No começo dos anos 80 do século passado, saía das aulas para o momento de convívio na pastelaria Vita, a clássica paragem dos estudantes do Liceu de Camões. Do outro lado da Avenida Duque de Loulé ficam as instalações da Sociedade Portuguesa de Autores. Naquela tarde, pelas 18:30, Carlos Paredes é esperado no auditório da SPA para um recital – e eu sei disso porque os meus pais me disseram que iam vê-lo.

Chego à Vita, são talvez 18:45, e vejo Carlos Paredes sentado na esplanada, acompanhado pela sua guitarra, dentro da caixa, na cadeira em frente.
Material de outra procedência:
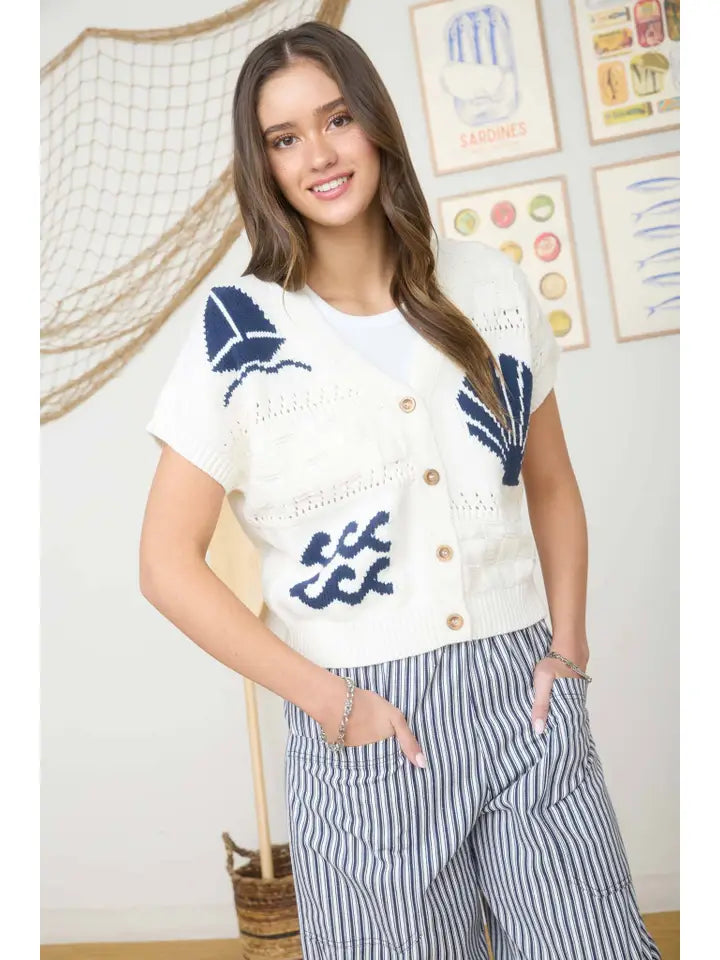 Seashell Sweetheart Cardigan Top By J.O.A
Tranquilo, bebe qualquer coisa – um galão, estará a minha memória firme?

Ao vê-lo, lembrei-me do recital e percebi que estava obviamente atrasado. Na ingenuidade da adolescência, achei que devia fazer qualquer coisa. Dirigi-me a Carlos Paredes:

- Desculpe, o senhor não tem um concerto aqui na SPA às seis e meias?

- Oh meu amigo, tenho sim senhor – respondeu-me, bem-disposto...

- Pois, disse eu, é que já são quase sete horas...
- Ai sim? Não me diga...
- É verdade, são dez para as sete...
- Tenho que começar a pensar em ir andando...

E continuou sentado, ligeiramente menos tranquilo do que antes, mas pausado, com tempo, sem pressas.

O recital terá começado com 50 minutos de atraso.

... Foi desse momento que me lembrei quando, anos mais tarde, em 1988, entrevistei Carlos Paredes para um programa da RTP. E esperei, numa sala fria da então editora Polygram, durante hora e meia. Por fim chegou. E foi nas palavras o mesmo génio cuja guitarra nos chega ainda hoje, sem qualquer atraso, com todo o tempo do mundo, até junto do coração.